● Assignment: Leaving out the pictures, output the lines from the one that contains "Gorilla Automotive - Gorilla" through the end of the material, exactly as they stand.
★ ★ ★ ★ ★ ★ ★
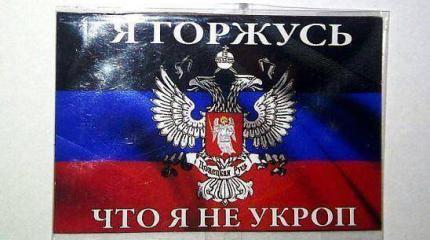 Переполох в бандеровском логове: Львов завалили символикой ДНР Переполох в бандеровском логове: Львов завалили символикой ДНР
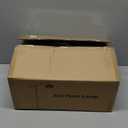 UpgradedDimmable Boho Floor Lamp for Living Room, Modern Swing Arm Floor Lamp with Rattan & Fabric Shades, Black Rattan Standing Lamp with 11W Bulb, Farmhouse Adjustable Tall Lamp for Bedroom Office (Bohemian-Matte Black)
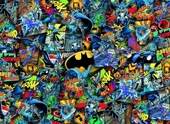 Clementoni - 1000 Parça Batman Yetişkin Puzzle - Impossible - 2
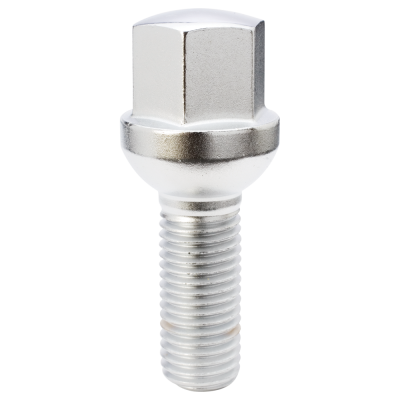 Gorilla Automotive - Gorilla 18172 Lug Bolt Ball Seat Chrome 12mm x 1.50 Total 2.10" US 1.12"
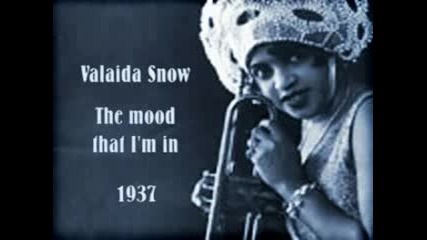 Valaida Snow - The Mood That Im In (1937) 
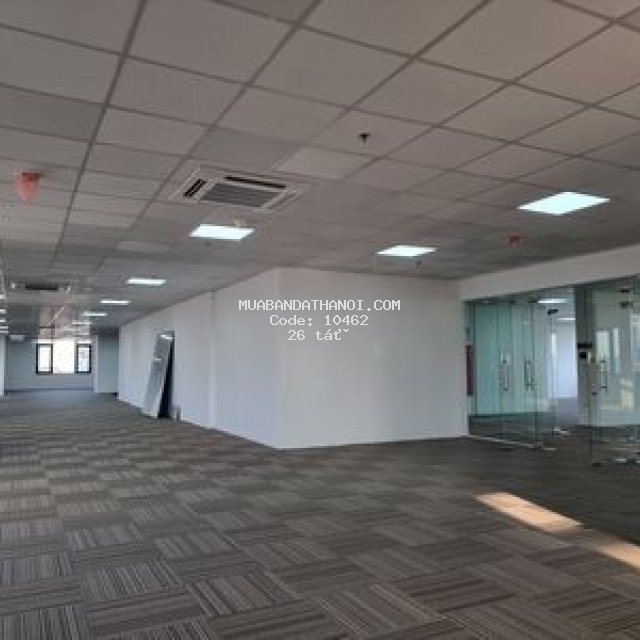 Bán sàn văn phòng 1000m2, tầng 5, giá 26 tỷ.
★ ★ ★ ★ ★ ★ ★
● Solution to the problem:
 Gorilla Automotive - Gorilla 18172 Lug Bolt Ball Seat Chrome 12mm x 1.50 Total 2.10" US 1.12"
 Valaida Snow - The Mood That Im In (1937) 
 Bán sàn văn phòng 1000m2, tầng 5, giá 26 tỷ.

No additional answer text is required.